[Assignment]:
Exclude images, then output the remaining data verbatim.

[Source data]:
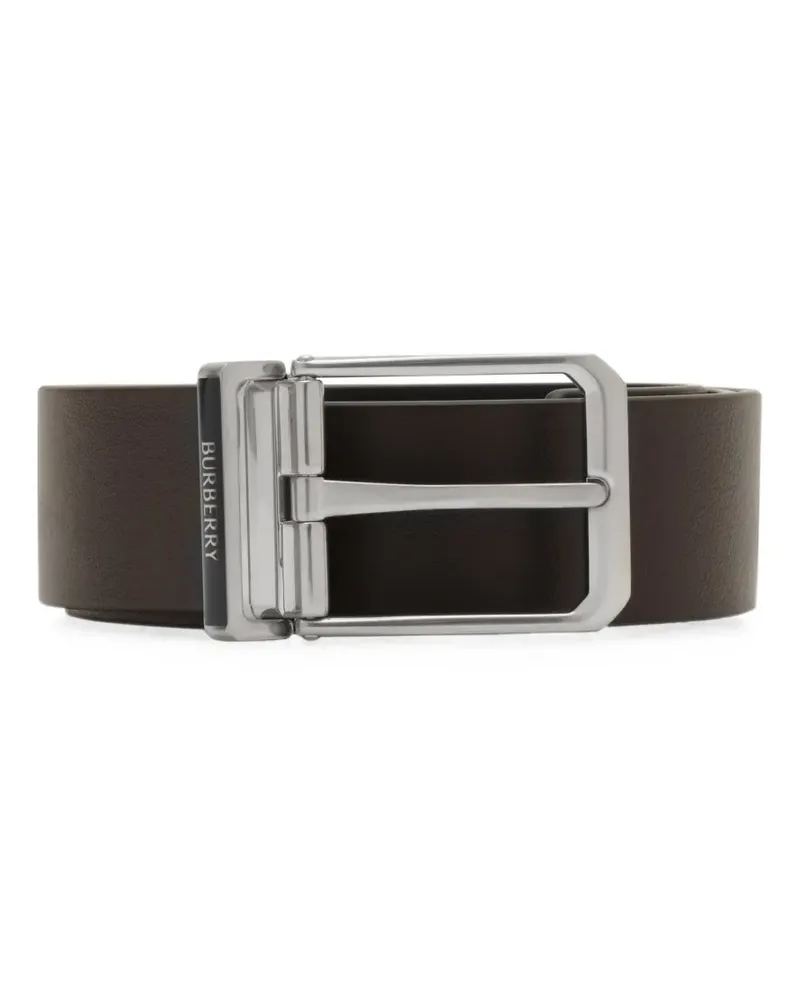 Burberry Wendbarer Gürtel mit Logo - Schwarz Schwarz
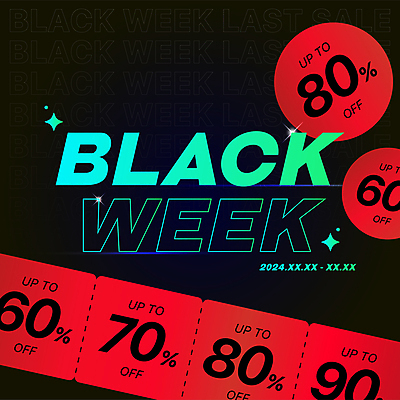 일러스트 이벤트 타이포그라피 사람없음 빨간색 반짝임 세일 11월 쿠폰 블랙프라이데이 국내일러스트 블랙위크 AI파일 문자 컬러 모션 데이이벤트 날짜 파일형식 벡터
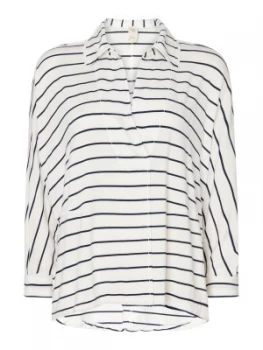 Image of Free People Cant Fool Me 34 Sleeve TV Neck Top White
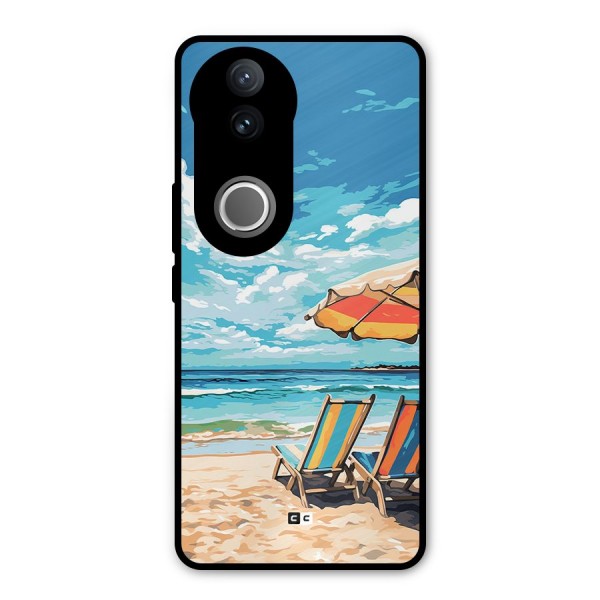 Sunny Beach Metal Back Case for Vivo V50e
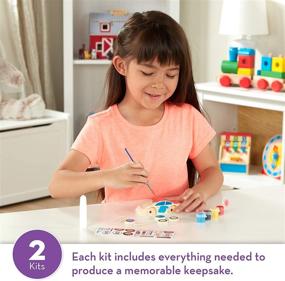 img 3 attached to Melissa & Doug Decorate Your Own Wooden Train: Enhance Your Creativity with Fun DIY Art Project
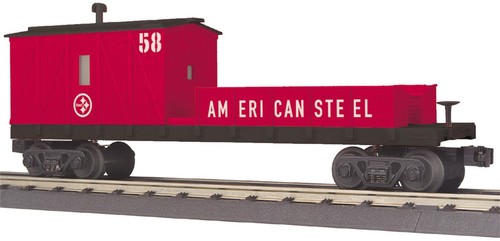 MTH 30-79525 GRÚA AMERICANA DE ACERO TENDER O CALIBRE 3 RIELES RD# 58 | Zustand: New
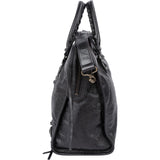 Balenciaga Black Leather Classic City Handbag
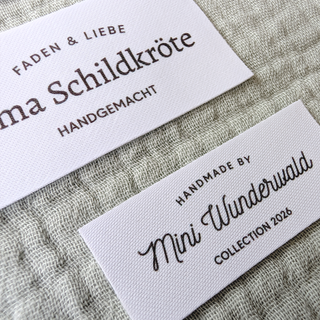 Elegantes Label zum Aufnähen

[Exercise result]:
 Burberry Wendbarer Gürtel mit Logo - Schwarz Schwarz
 일러스트 이벤트 타이포그라피 사람없음 빨간색 반짝임 세일 11월 쿠폰 블랙프라이데이 국내일러스트 블랙위크 AI파일 문자 컬러 모션 데이이벤트 날짜 파일형식 벡터
 Image of Free People Cant Fool Me 34 Sleeve TV Neck Top White
 Sunny Beach Metal Back Case for Vivo V50e
 img 3 attached to Melissa & Doug Decorate Your Own Wooden Train: Enhance Your Creativity with Fun DIY Art Project
 MTH 30-79525 GRÚA AMERICANA DE ACERO TENDER O CALIBRE 3 RIELES RD# 58 | Zustand: New
 Balenciaga Black Leather Classic City Handbag
 Elegantes Label zum Aufnähen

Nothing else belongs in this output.